Artuso Sex Ed Curriculum

Toronto Sun
Sex education program sparks outcry



TORONTO — - Premier Dalton McGuinty is defending the province's new sex education curriculum against accusations from "family values" groups that it exposes young children to inappropriate material.
Dr. Charles McVety, president of Canada Christian College, said Ontario's revamped sex education curriculum will teach 11-year-olds about oral and anal sex and eight-year-olds about sexual orientation and identity.
"Little eight-year-olds, they're going to be taught they look one way on the outside but they may be the opposite on the inside," McVety said. "This is so confusing to an eight-year-old ... these are children in the strongest sense of the word - they're innocent, they're clean, they're beautiful - and to corrupt them by imparting a question of gender identity is beyond the pale."
Ontario is introducing an updated health and physical education curriculum this fall in all publicly funded schools.
Children in Grade 1 will be taught to identify male and female genitalia, where the previous curriculum referred only generally to body parts.
In Grade 3, students will learn about visible differences and invisible differences between people, such as learning abilities, gender identity and sexual orientation.
This curriculum introduces possible "teacher prompts" that, although not mandatory, suggest how instructors can address issues such as same-sex parents and masturbation.
The ministry said the inclusion of same sex families reflects the government's commitment to equity and inclusive education.
Another "prompt" shows how a teacher might talk to students about "erections, wet dreams and vaginal lubrication" as normal things that happen with puberty.
McVety said he doesn't believe most parents will support the changes.
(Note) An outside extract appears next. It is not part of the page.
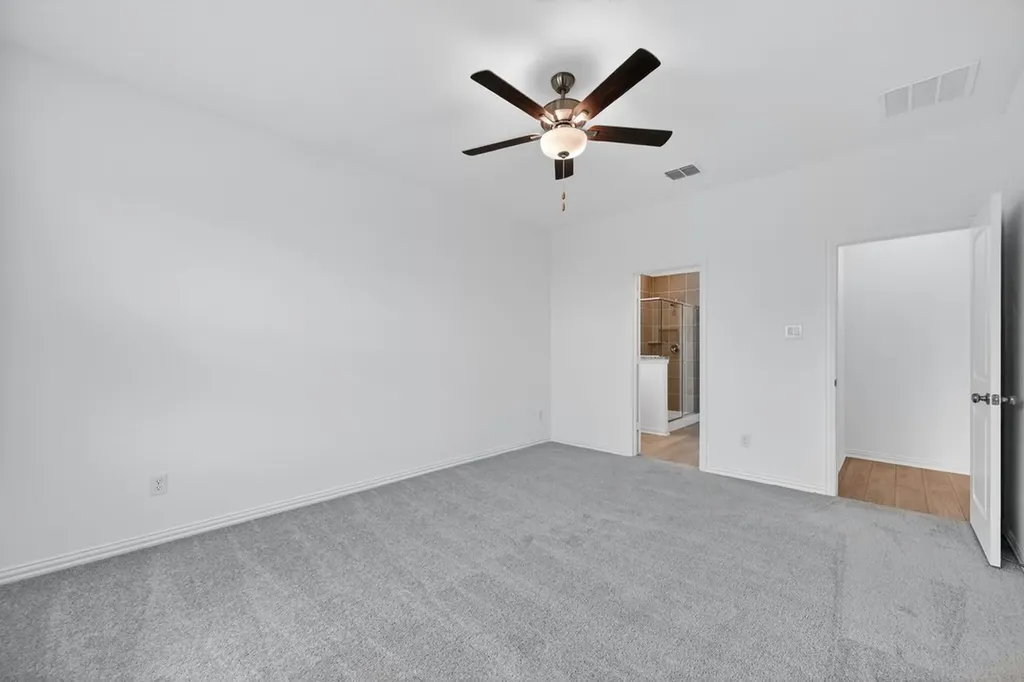 2337 Buffalo Bayou Way Crandall TX 75114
"They are going to be shocked when they find this in the curriculum of their children and they're going to be outraged," he said. "This has been really a dirty little secret but now it's out in the open."
McGuinty said he supports teaching sex education to youngsters in school, rather than leaving them to rely on inaccurate information they may glean from other sources, such as the Internet or other kids.
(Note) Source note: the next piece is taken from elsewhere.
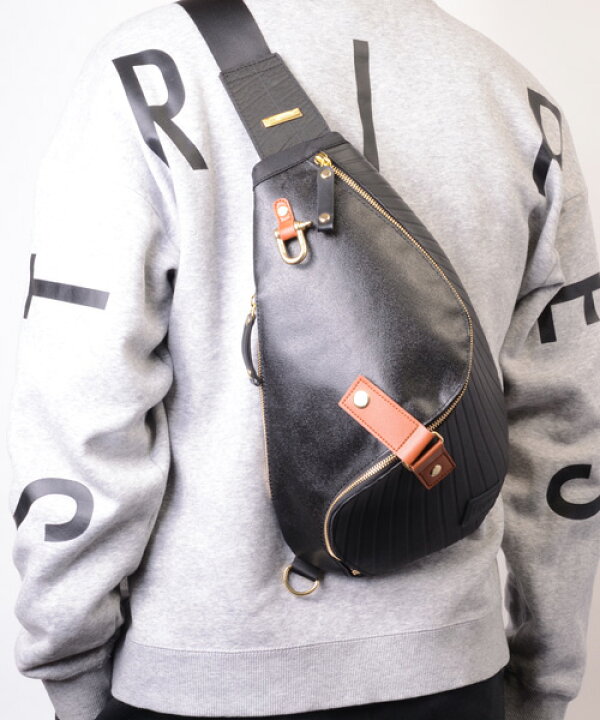 楽天市場】【予約製品】【P10倍 10/30限定】 ボディバッグ メンズ 森野帆布 ワン ショルダーバッグ SPIRAL 自転車 SEAL シール 斜め掛け ブランド 防水 撥水 廃タイヤ アウトドア 日本製 ショルダーバッグ ボディーバッグ ギフト : SEAL store 楽天市場店 楽天市場】【予約製品】【P10倍 10/30限定】 ボディバッグ メンズ 森野帆布 ワン ショルダーバッグ SPIRAL 自転車 SEAL シール 斜め掛け ブランド 防水 撥水 廃タイヤ アウトドア 日本製 ショルダーバッグ ボディーバッグ ギフト : SEAL store 楽天市場店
"I have confidence in the curriculum that they have put together," McGuinty said. "I have confidence in the judgment of our teachers, in the judgment of our principals, people who work with our children day in and day out, to present the information in a thoughtful way and in a balanced way and a responsible way."
Education Minister Leona Dombrowsky said parents have the right to remove their children from the class if they don't want them to receive that information.
The ministry worked hard to create "age appropriate" material for children, and parents are invited to review the curriculum, she said.
"I believe that our curriculum is doing what it's designed to do and that is instruct our children," Dombrowsky said, when asked to respond to the allegation that the material could corrupt children.
PC Leader Tim Hudak said he was not familiar with the details of the new sex education program.
"I hope that any new curriculum that the McGuinty government would bring forward would involve parents and teachers in determining what's appropriate," he said.
NDP Leader Andrea Horwath said parents need to make the decision for themselves on whether their child should participate.
"As a parent, I was quite fine with the programming that my son was exposed to when he was a child," she said.
However, McVety said the new curriculum makes significant changes in the way sex education is taught and his group plans to protest at Queen's Park after Mother's Day.
McVety said he has been involved in campaigns to maintain the traditional definition of marriage but is not opposed to teaching sex education in general.
"The previous curriculum never mentioned sexual orientation, and didn't focus on it, didn't have these explicit sexual terms of anal intercourse," he said. "Eleven-year-olds being taught that masturbation is a perfectly normal thing."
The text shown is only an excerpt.